‘Johnnie B. Goode’ passes

Johnnie Johnson, the pianist who gave Chuck Berry his first break and who Berry wrote ‘Johnnie B. Goode’ about, has died at age 80.



One of Berry’s best-known songs, “Johnny B. Goode,” was written as a salute to Johnson, whose dynamic keyboard work often played equal partner on recordings with Berry’s stinging guitar licks.


“When I heard he’d died, I put on the record of ‘Sweet Little Sixteen,’ and when I listened to his solo, I just began to weep,” Chicago-bred keyboardist Barry Goldberg, a prominent blues-rock player since the 1960s, said Wednesday. “What he did was so mind-blowing for that time.”


Goldberg continued: “Johnnie incorporated the boogie-woogie style into rock ‘n’ roll. He had all those percussive licks and he did that slide thing [up and down the keyboard]. The combination was really amazing.”
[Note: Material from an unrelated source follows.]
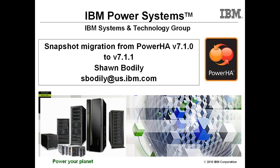Hi, my name is Sean Bodley with IBM. I'm part of the Advanced Technical Skills Team located out of Dallas, Texas.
Another pioneer was Bo Diddley, I mean, people like Chuck Berry and Jerry Lee and Bo, invented rock and roll out of what they knew. Go back and listen to Bo Diddley. His backing musicians included some of the best Chicago bluesmen around. He was a bluesman, we just didn’t know it. And Johnnie Johnson briought boogie-woogie to the then emerging genre of rock and roll.